Channel-spatial attention collaborative fusion mechanism:

After aggregating the multi-scale features via channel-wise concatenation, a dual-path attention recalibration is performed:

  • Channel attention submodule: A squeeze-and-excitation (SE) structure is employed to adaptively learn channel-wise weights. Specifically, global average pooling is applied to the aggregated features to obtain channel-wise statistical descriptors, which are passed through two fully connected layers (with an intermediate dimension of C/16, ReLU activation, and a final Sigmoid function) to generate a channel attention mask. This mask is used to recalibrate the features via channel-wise multiplication:

    $$\begin{aligned} A_{\text {channel}} = \sigma \left( \text {FC}_{2}\left( \text {ReLU}\left( \text {FC}_{1}(Y_{\text {avg}})\right) \right) \right) \in \mathbb {R}^{B \times C \times 1 \times 1} \end{aligned}$$
    (6)
  • Spatial attention submodule: Cross-channel feature aggregation is conducted using both max-pooling and average-pooling operations to produce a spatial saliency map.
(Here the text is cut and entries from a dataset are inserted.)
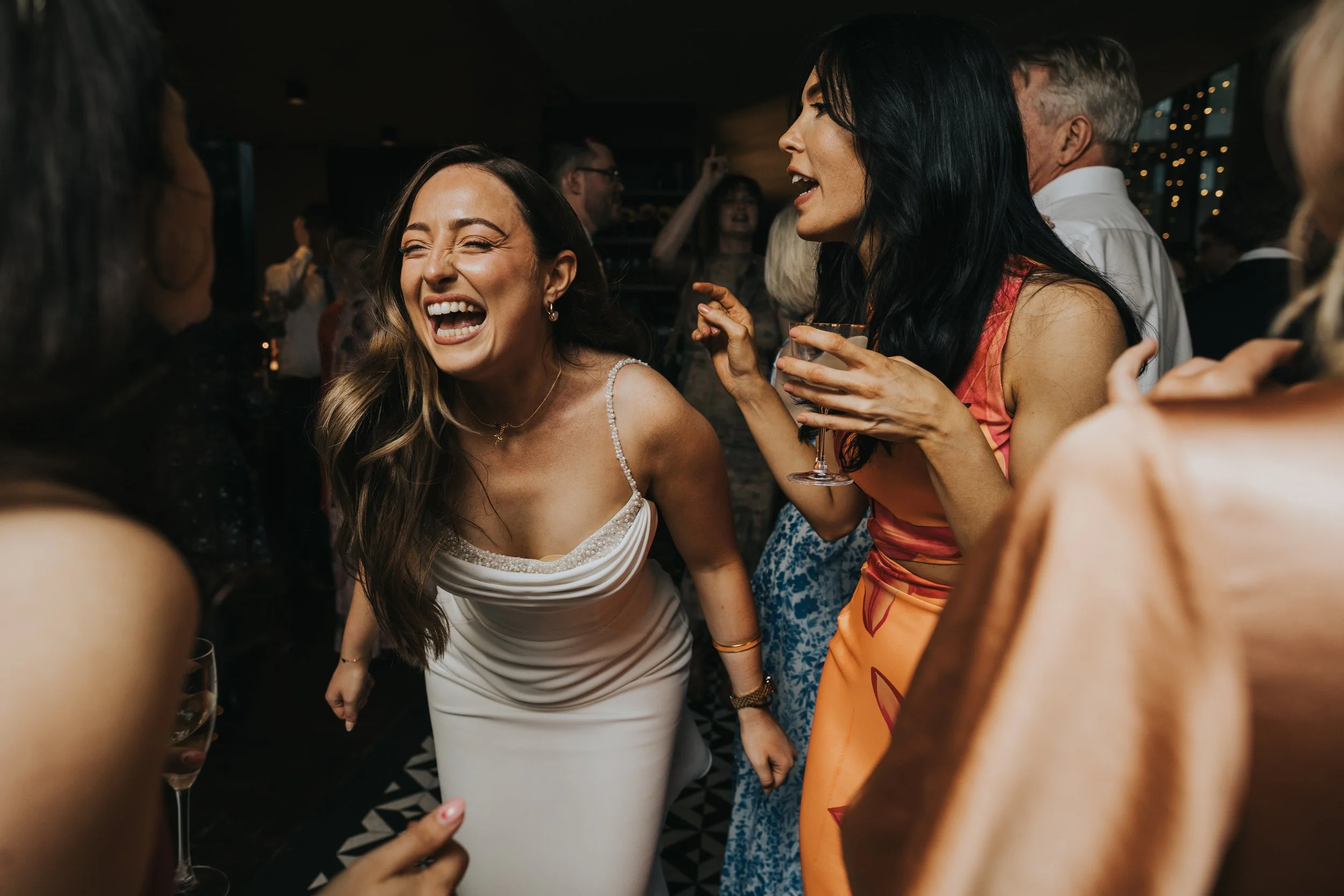 Bride leans forward laughing as she dances. 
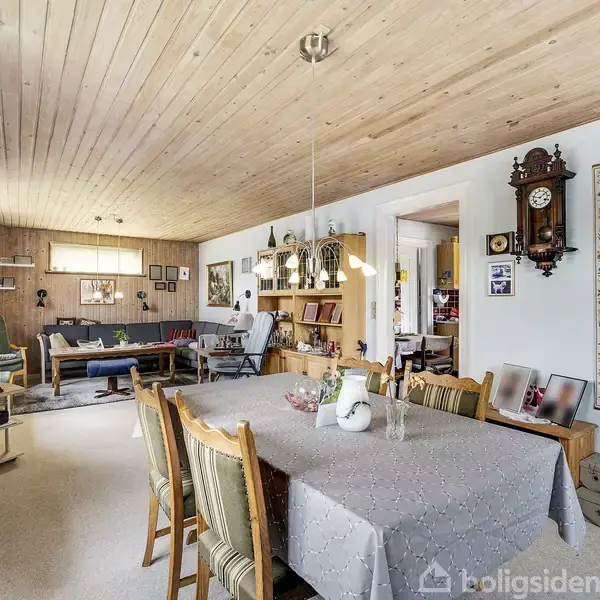 Spisestue med lang, dækket bord og stole, dekorativ væg med ur og kunst. I forlængelse er en opholdsstue med sofaer og reoler, i et rum med træloft og lyse vægge.
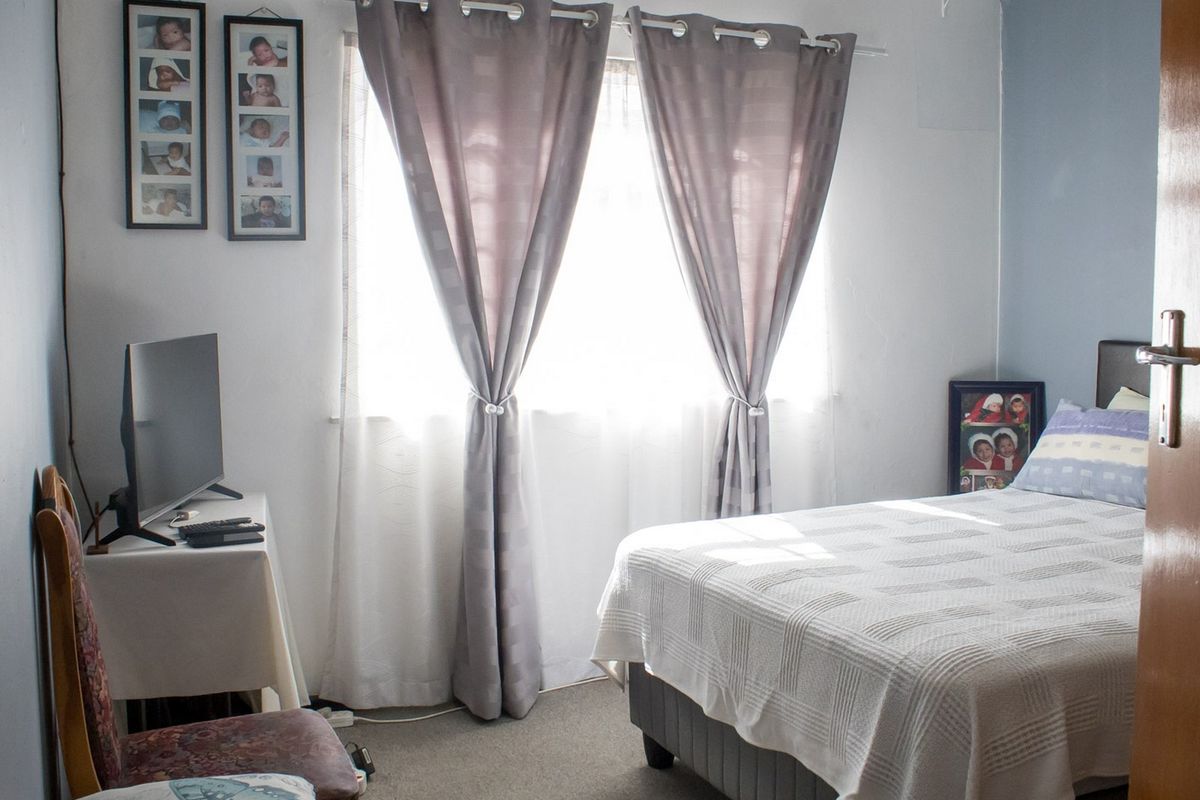 A functional bedroom featuring carpeted flooring and a window, providing a comfortable and well-lit space.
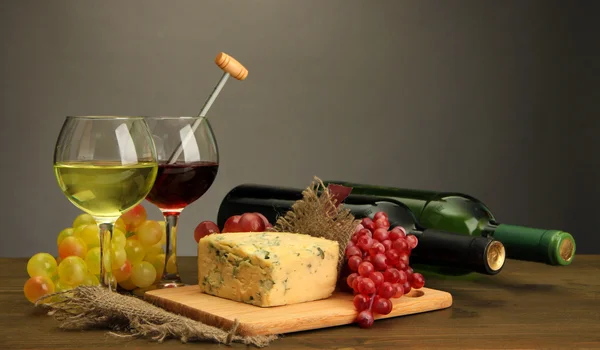 Composición con vino, queso azul y uva sobre mesa de madera, sobre fondo gris —  Fotos de Stock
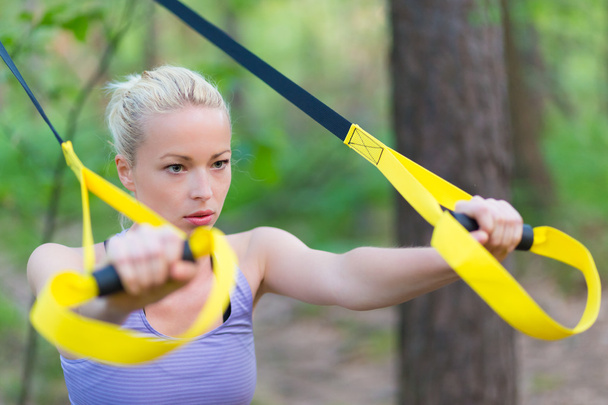 Training with fitness straps outdoors. - Photo, Image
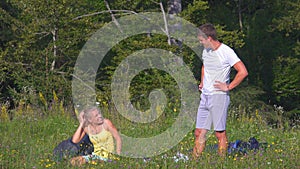 Playful tourist couple having problems setting up their tent by the calm forest.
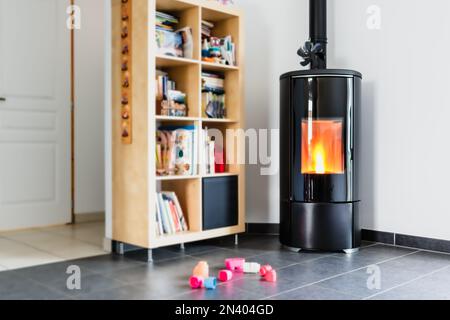 Stufa a pellet con alcuni giocattoli di fronte, con fiamme e biblioteca Foto Stock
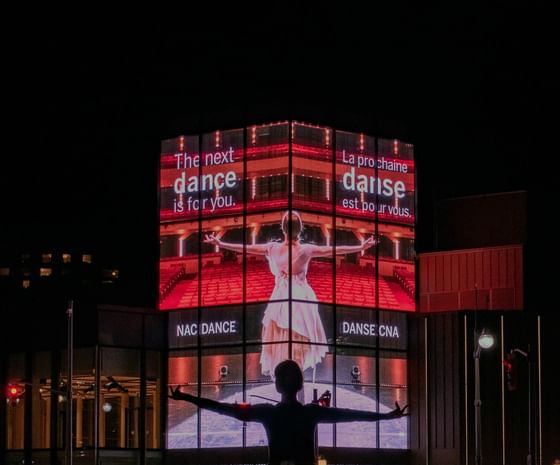A Lady in front of the National Arts Center near ReStays Ottawa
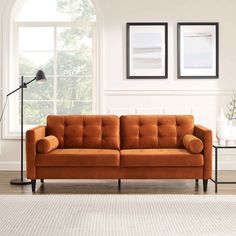 an orange couch sitting in front of a window next to a table with a lamp on it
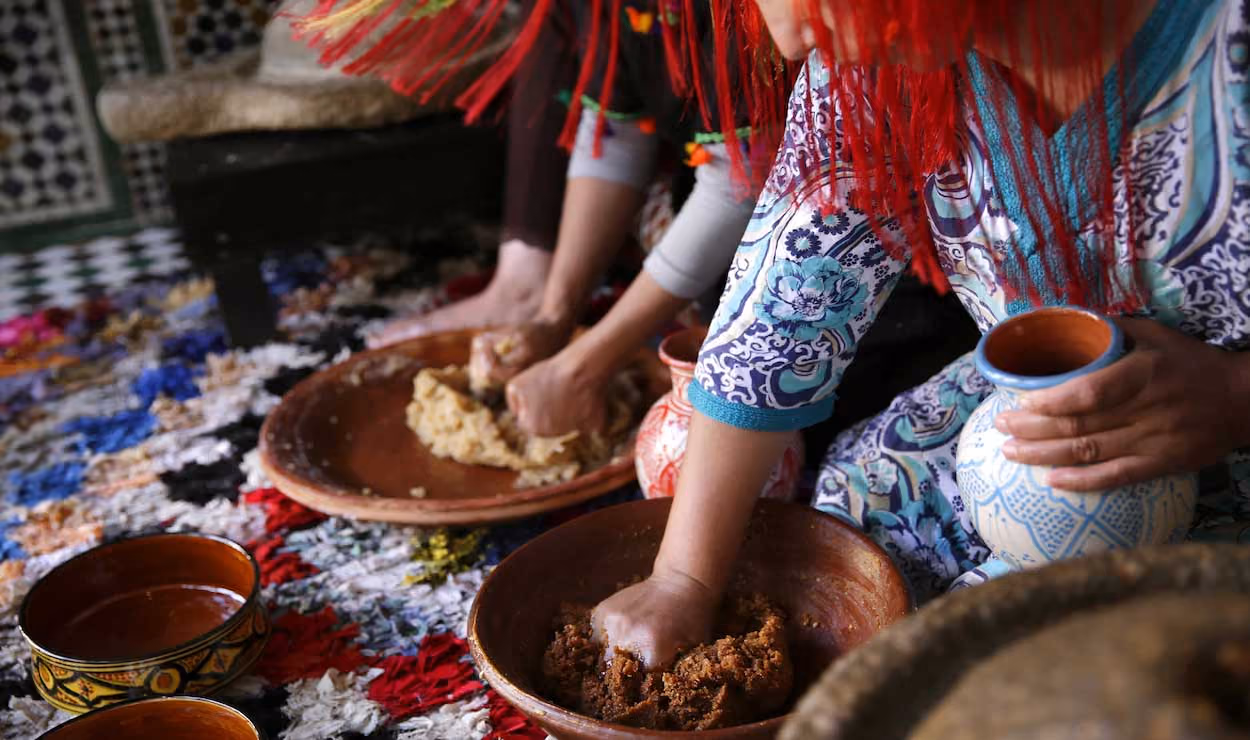 Two people mixing ingredients by hand in large bowls seated on a colorful rug with pottery nearby.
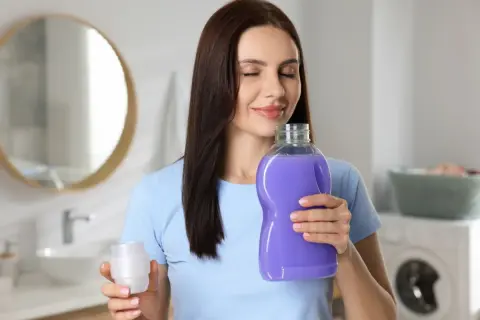 Donna annusa una bottiglia di ammorbidente viola, godendosi il profumo. Scopri come profumare la casa con l'ammorbidente.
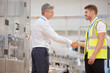 © KOTO - Supervisor and worker shaking hands in factory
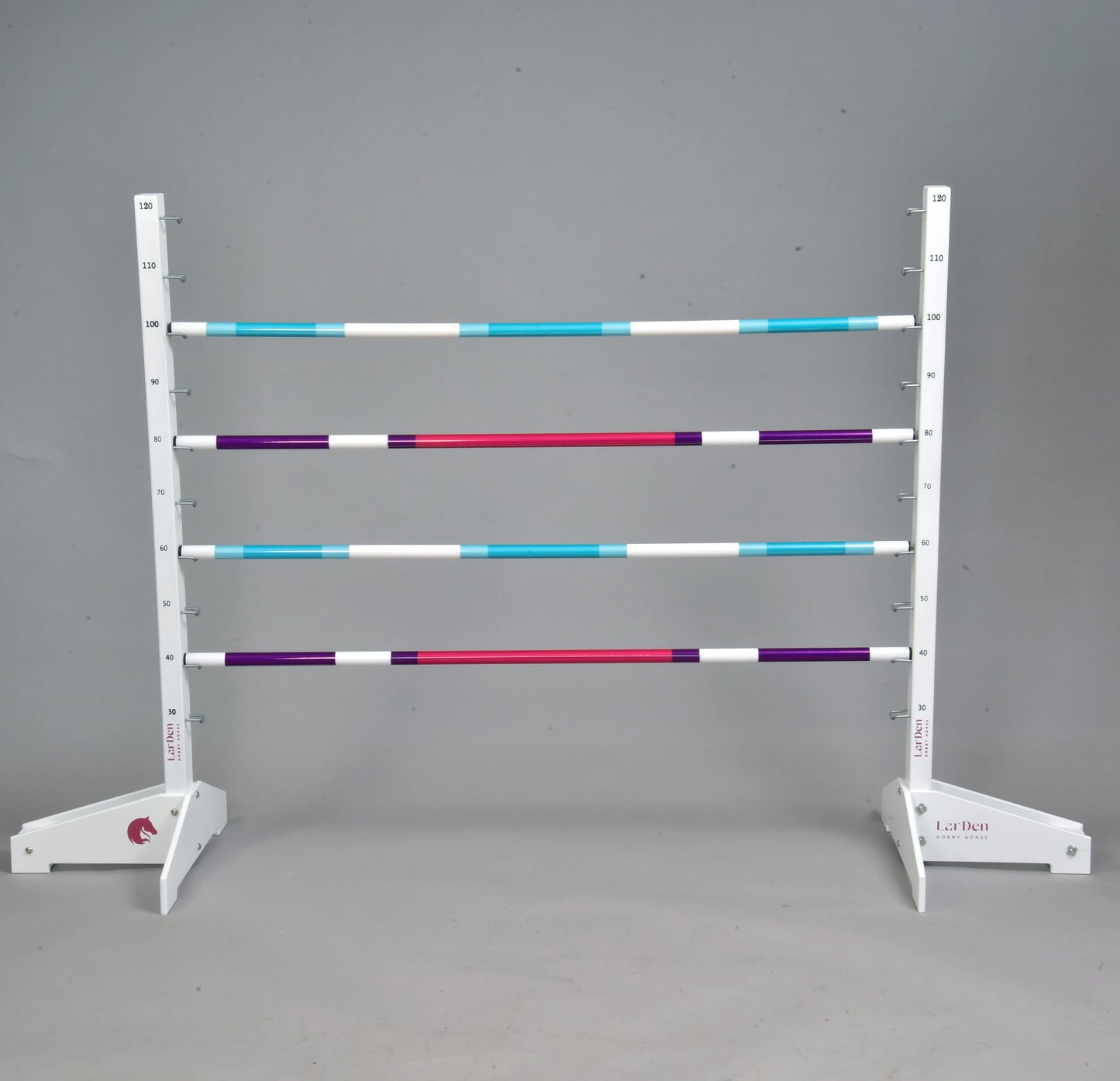 The Hobby Horse LarDen Jump 120 cm / 47 inch with Extra Poles features four horizontal poles in white, turquoise, purple, and red on a height-adjustable white stand—perfect for hobby horsing indoors or outdoors.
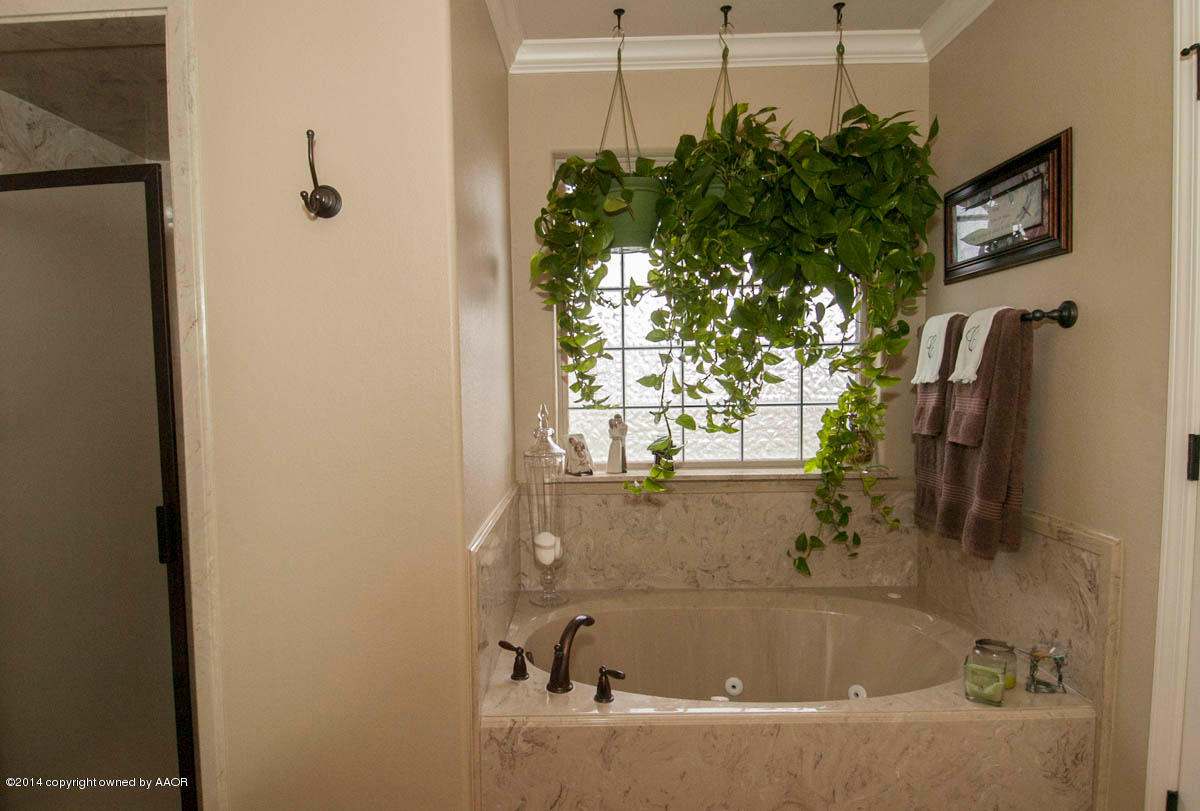 18301 Copper Ridge Bushland, TX 79124 - Photo 19 of 38 a bathroom with a bathtub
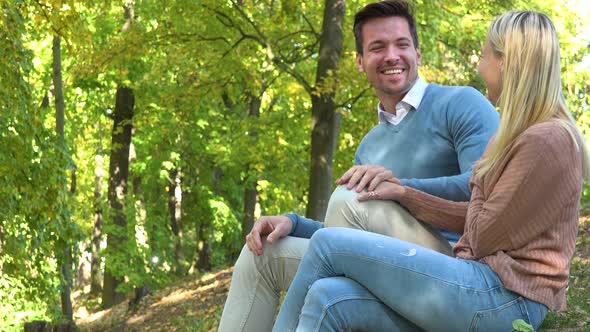 A Young Attractive Couple Talks and Laughs Together in a Park on a Sunny Day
A \(1 \times 1\) convolution (with Sigmoid activation) then generates the position-sensitive spatial attention map:

    $$\begin{aligned} A_{\text {space}} = \sigma (\text {Conv}_{1 \times 1}(Y_{\text {space}})) \in \mathbb {R}^{B \times 1 \times H \times W} \end{aligned}$$
    (7)

    Element-wise multiplication enhances spatially significant regions of the feature map:

    $$\begin{aligned} X_{\text {out spatial}} = X \times A_{\text {space}} \in \mathbb {R}^{B \times C \times H \times W} \end{aligned}$$
    (8)

Feature fusion and optimization:

The outputs from the channel and spatial attention branches are fused through element-wise addition:

$$\begin{aligned} X_{\text {merged}} = X_{\text {out channel}} + X_{\text {out spatial}} \in \mathbb {R}^{B \times C \times H \times W} \end{aligned}$$
(9)

and combined with the original aggregated features using a residual connection to ensure gradient stability:

$$\begin{aligned} X_{\text {residual}} = X_{\text {merged}} + X_{\text {cat}} \in \mathbb {R}^{B \times C \times H \times W} \end{aligned}$$
(10)

Finally, a \(1 \times 1\) convolution is applied to compress the feature dimensions and integrate cross-channel information, producing the optimized, multi-scale, attention-enhanced feature map:

$$\begin{aligned} X_{\text {output}} = \text {Conv}_{1 \times 1}(X_{\text {residual}}) \in \mathbb {R}^{B \times C \times H \times W} \end{aligned}$$
(11)

This design leverages the synergy between dilated convolutions and attention mechanisms to preserve local texture details while enhancing long-range semantic consistency.

GCSA module

We propose a Global Channel-Spatial Attention (GCSA) module to enhance the representational capacity of input feature maps by integrating channel attention, channel shuffle, and spatial attention mechanisms. This design effectively models global dependencies across the feature space and strengthens semantic feature encoding. The module operates as follows:

  1. (1)

    Input feature

The input feature map consists of C channels with spatial dimensions \(H \times W\). It is first processed by the channel attention submodule, followed by channel shuffling and spatial attention refinement.

  1. (2)

    Channel attention submodule

The input feature map \(F_{\text {input}} \in \mathbb {R}^{C \times H \times W}\) is permuted to shape \(W \times H \times C\) to facilitate channel-wise modeling. A two-layer Multi-Layer Perceptron (MLP) is then applied:

  • The first MLP layer reduces the channel dimension to C/4, followed by ReLU activation.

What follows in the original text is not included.